◆ AIM OF THE EXERCISE
Leave out the images and output the records word for word.

◆ DATA EXCERPTS
Start of Block

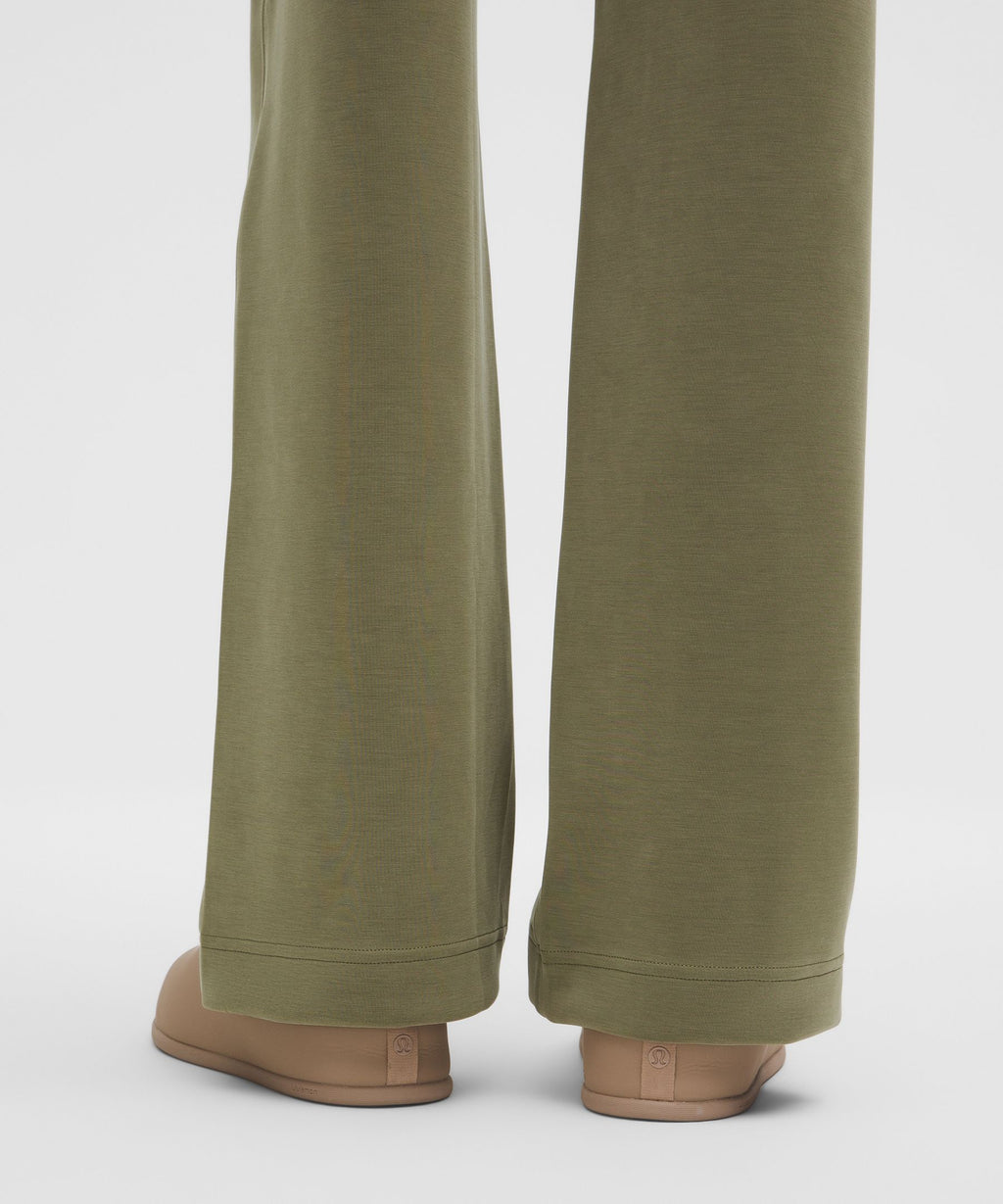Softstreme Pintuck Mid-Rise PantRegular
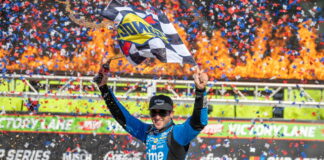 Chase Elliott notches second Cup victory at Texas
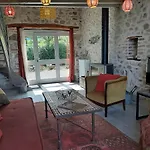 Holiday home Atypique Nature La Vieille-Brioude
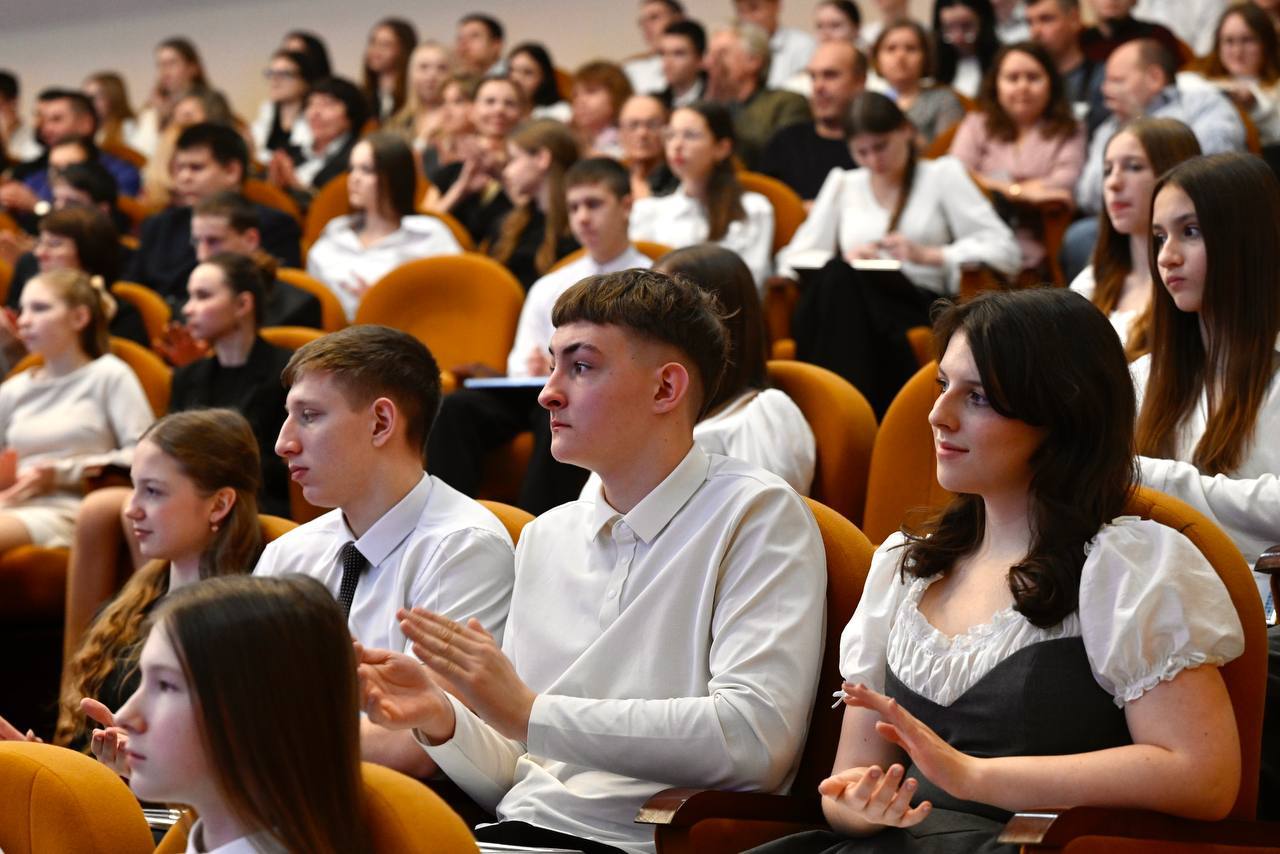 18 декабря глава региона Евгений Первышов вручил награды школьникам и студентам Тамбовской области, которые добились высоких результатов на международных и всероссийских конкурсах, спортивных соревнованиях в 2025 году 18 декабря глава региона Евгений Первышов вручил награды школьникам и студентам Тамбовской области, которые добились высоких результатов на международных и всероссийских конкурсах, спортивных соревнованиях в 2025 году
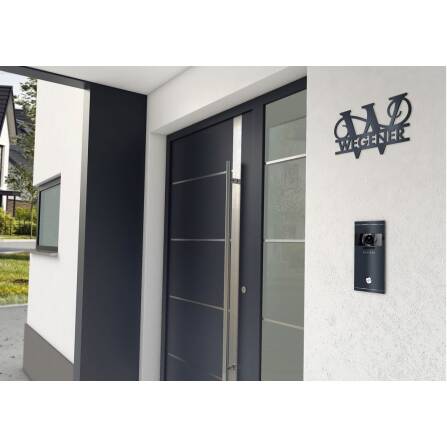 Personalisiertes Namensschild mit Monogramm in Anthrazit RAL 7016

End of Block

◆ SOLUTION FOR THIS TASK
Softstreme Pintuck Mid-Rise PantRegular
 Chase Elliott notches second Cup victory at Texas
 Holiday home Atypique Nature La Vieille-Brioude
 18 декабря глава региона Евгений Первышов вручил награды школьникам и студентам Тамбовской области, которые добились высоких результатов на международных и всероссийских конкурсах, спортивных соревнованиях в 2025 году 18 декабря глава региона Евгений Первышов вручил награды школьникам и студентам Тамбовской области, которые добились высоких результатов на международных и всероссийских конкурсах, спортивных соревнованиях в 2025 году
 Personalisiertes Namensschild mit Monogramm in Anthrazit RAL 7016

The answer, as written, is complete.